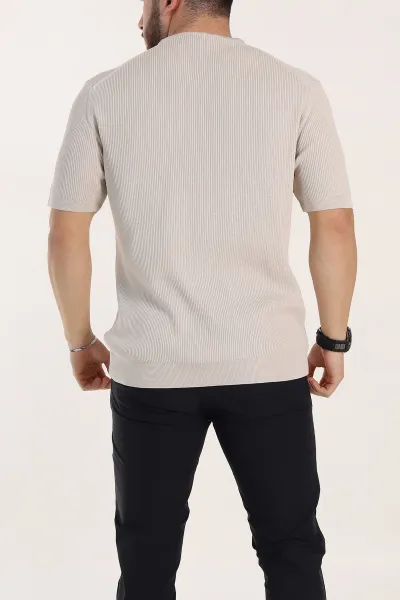 Krem Slim Fit Dokulu Basic Kısa Kollu Erkek Triko Tişört 338600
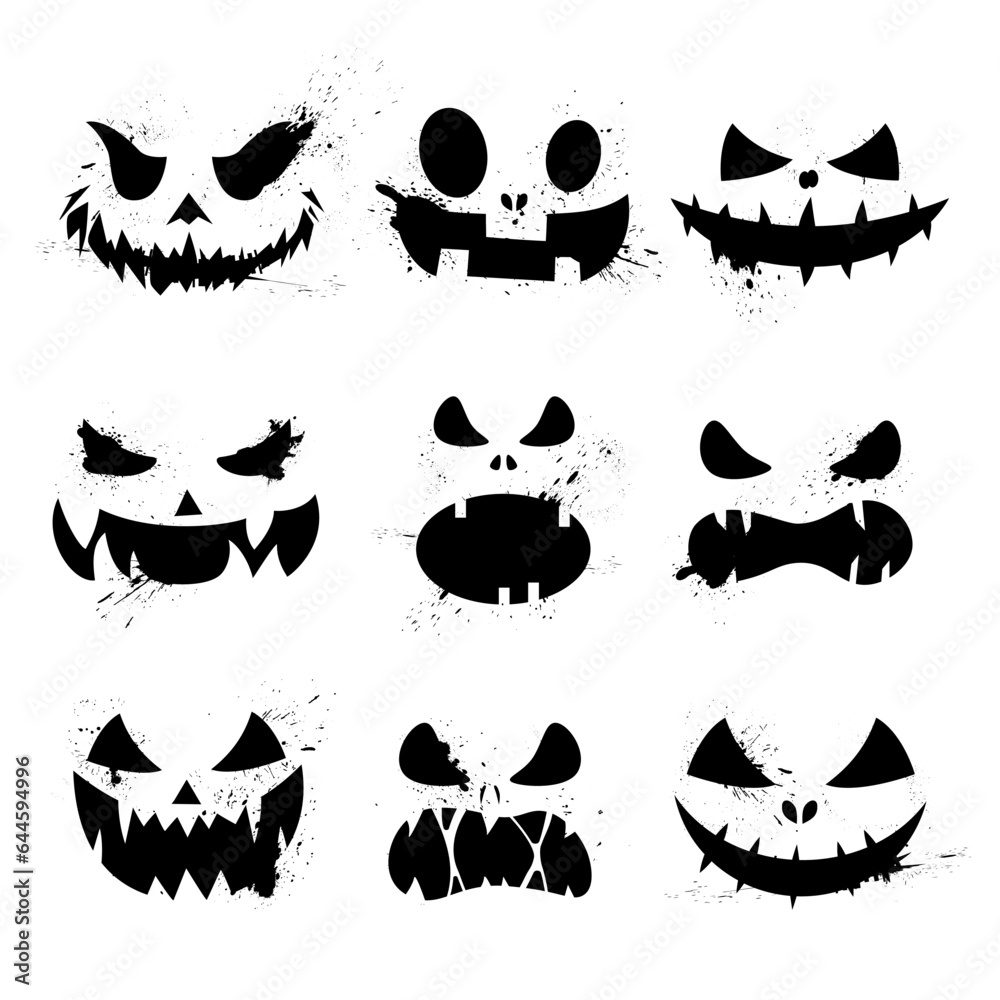 Halloween face icons set. Creepy pumpkin smile on white background. Design for Halloween holiday. Black scary, funny and horror faces of Halloween pumpkin or ghost.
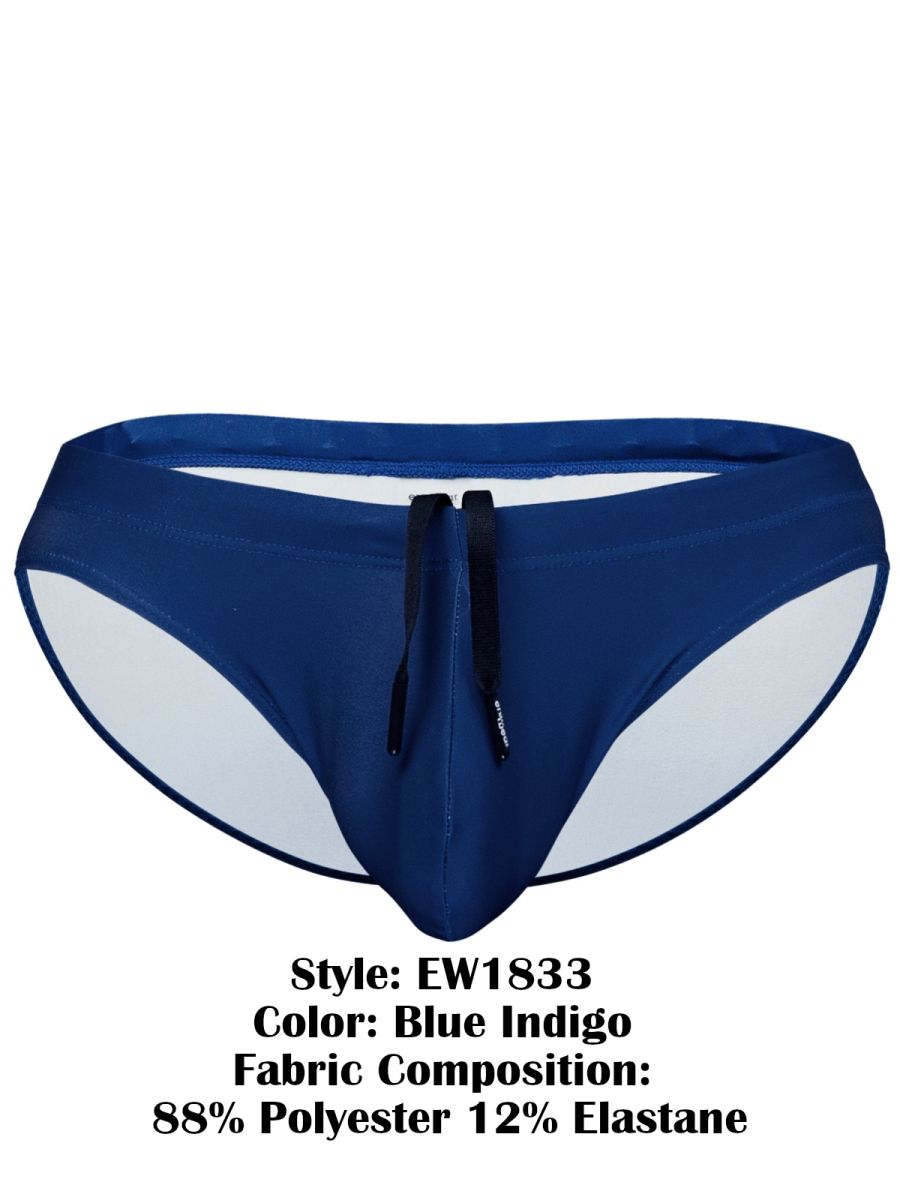 Ergowear ew1833 x4d sw swim bikini in blue indigo with white side panels and black drawstrings for swimming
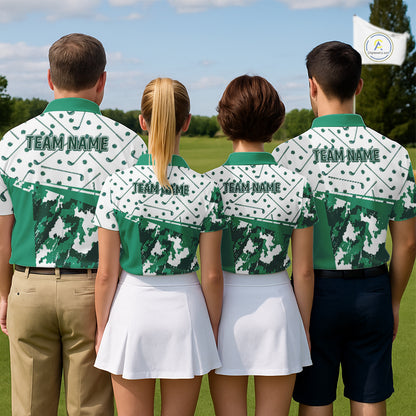 Green Golf Clubs Womens Golf Polo Shirt Custom Name Camo Pattern Golf Shirts Custom Team Golf Top NHN0017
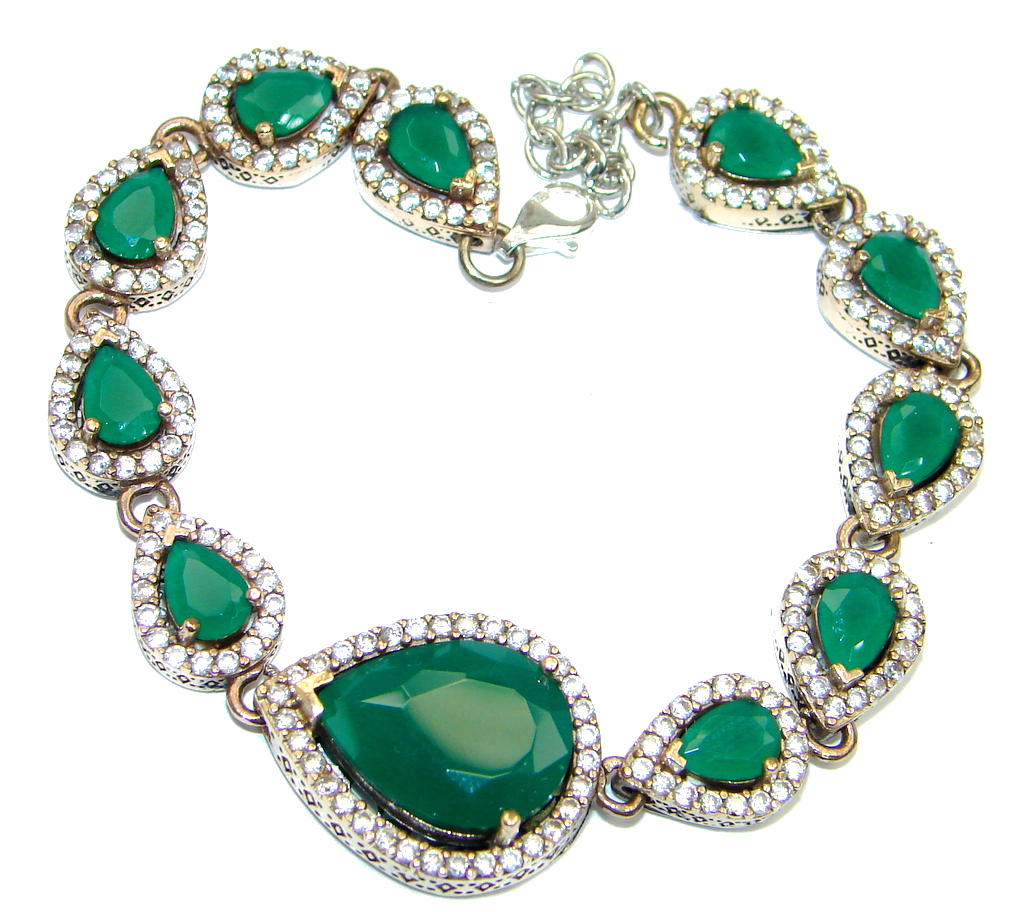 Victorian Style created Emerald & White Topaz Sterling Silver Bracelet / Cuff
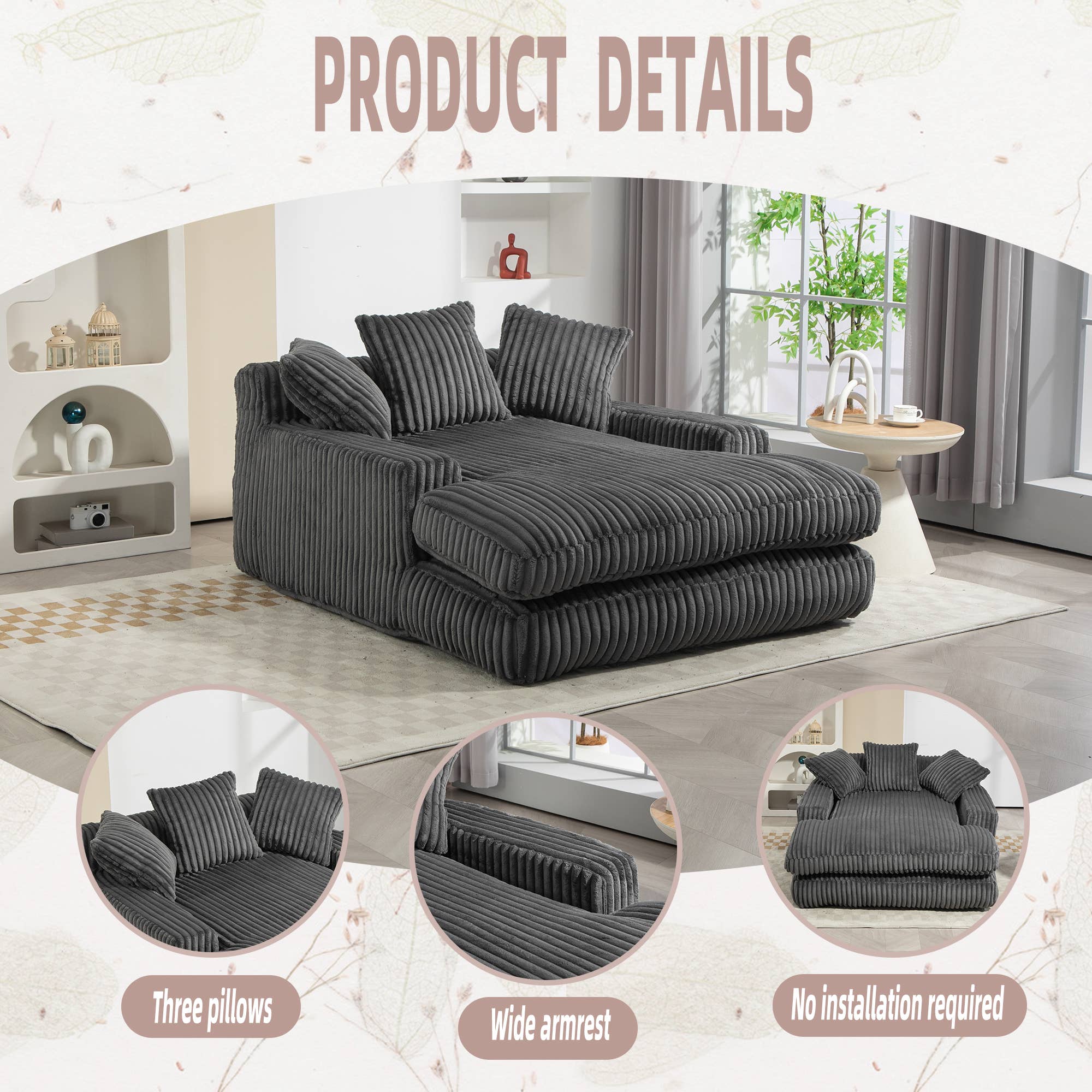 HOMYCASA DESIGN INC - Wholesale Sofa - Convertible lazy Sofa Bed with Adjustable Backrest6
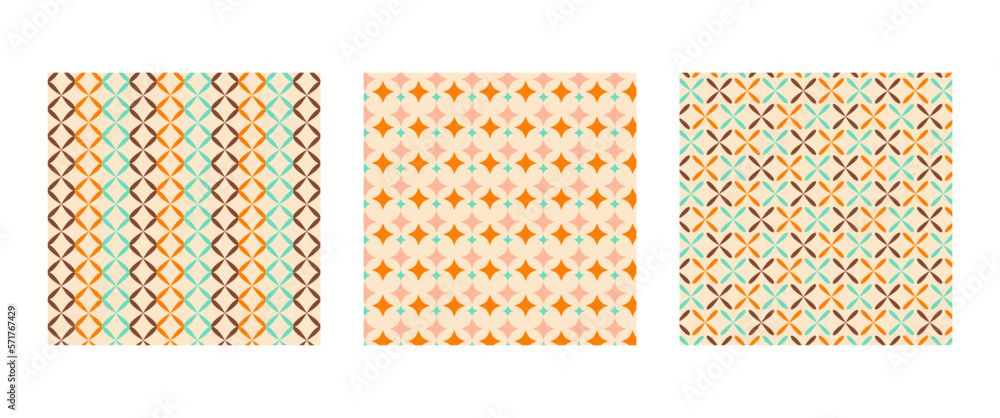 Mid century modern patterns set. Geometric colorful backgrounds for bedding, tablecloth, oilcloth or other textile design in retro style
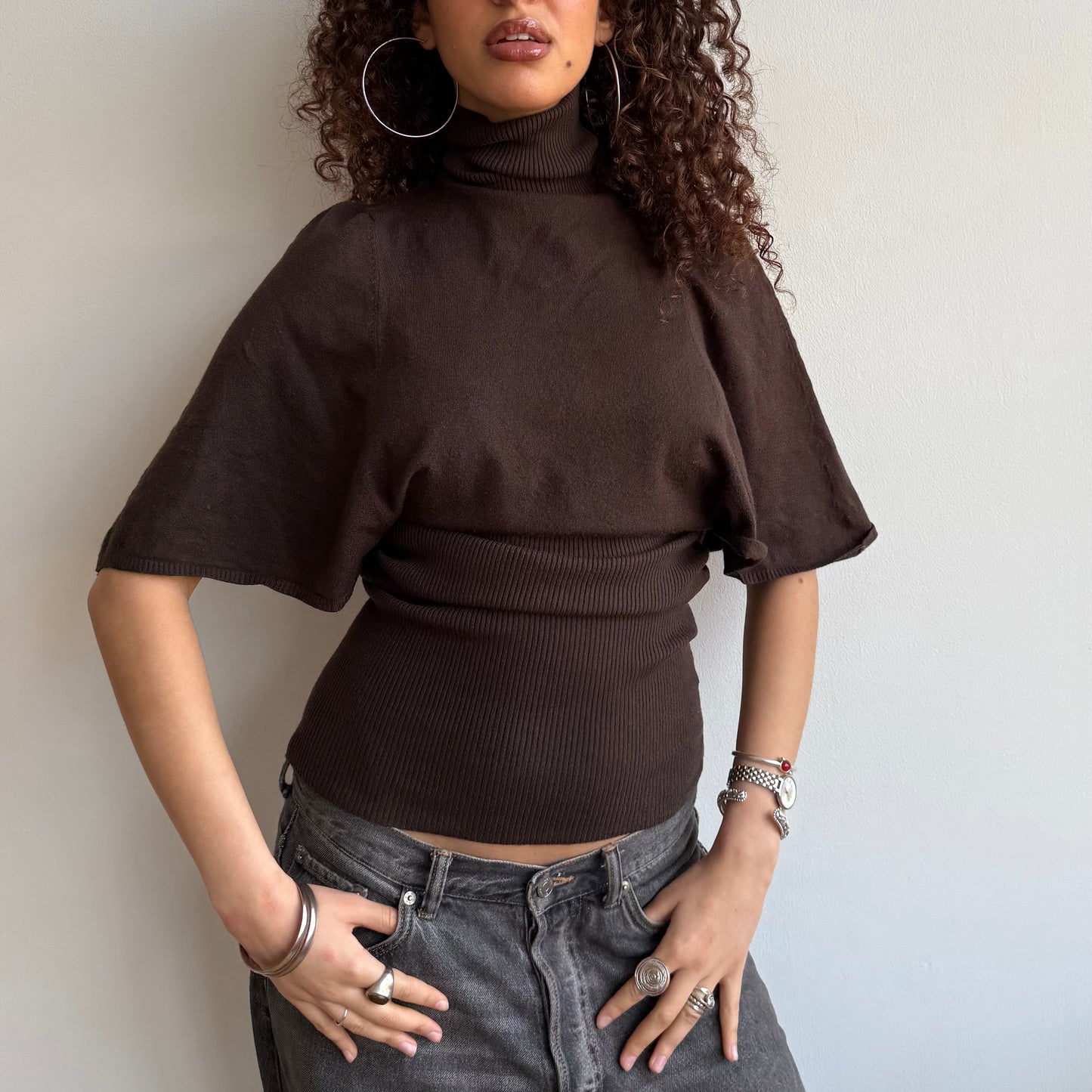Brown slouchy roll neck - Size M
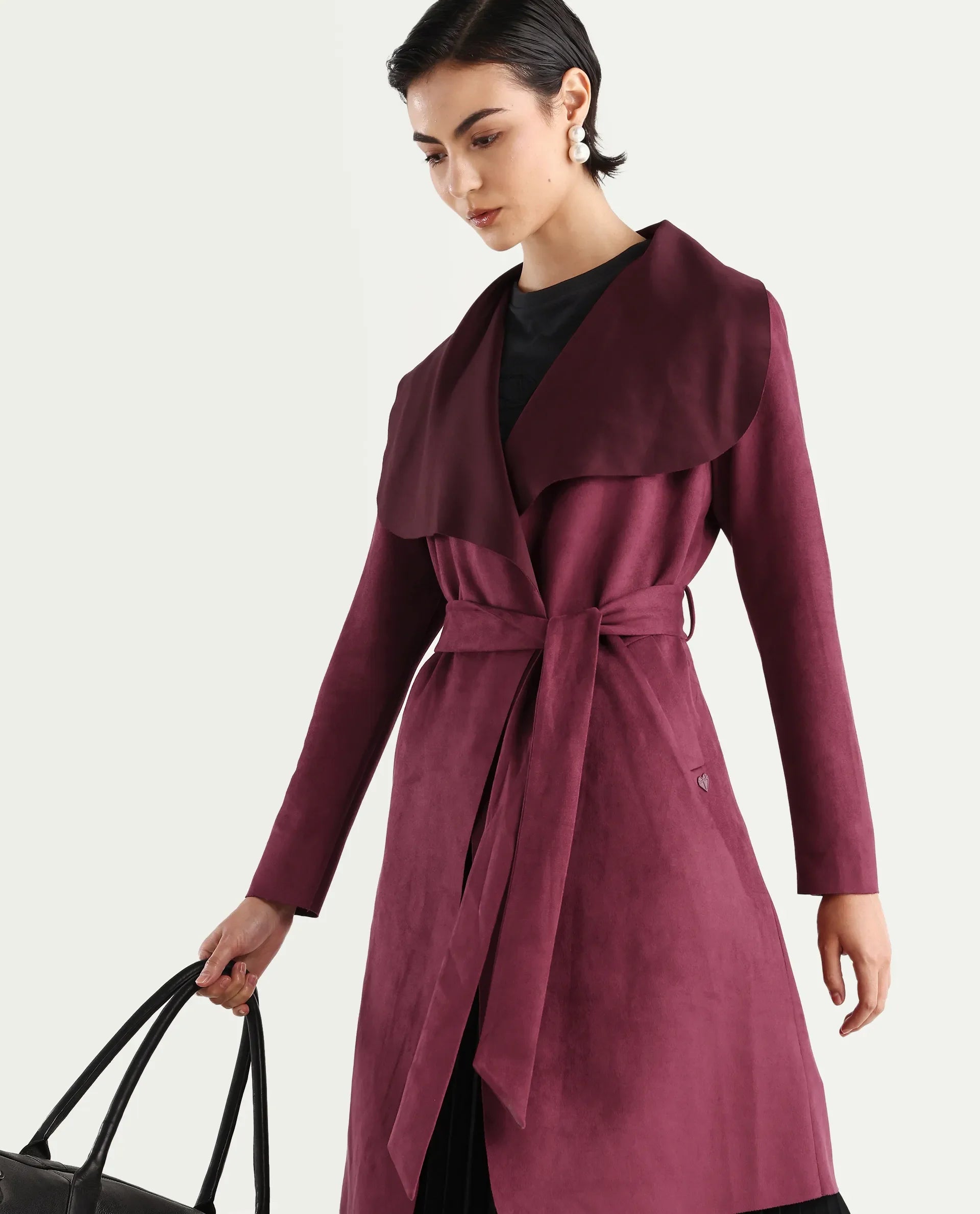 Rareism Women's Palmer 2 Maroon Suede Waterfall Neck Plain Midi Boxy Fit Jacket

Exercise details: Beginning with the line above that contains "Ergowear ew1833 x4d" and ending with the line that contains "HOMYCASA DESIGN INC", quote each line exactly, keeping out the pictures.

Answer for this exercise:
 Ergowear ew1833 x4d sw swim bikini in blue indigo with white side panels and black drawstrings for swimming
 Green Golf Clubs Womens Golf Polo Shirt Custom Name Camo Pattern Golf Shirts Custom Team Golf Top NHN0017
 Victorian Style created Emerald & White Topaz Sterling Silver Bracelet / Cuff
 HOMYCASA DESIGN INC - Wholesale Sofa - Convertible lazy Sofa Bed with Adjustable Backrest6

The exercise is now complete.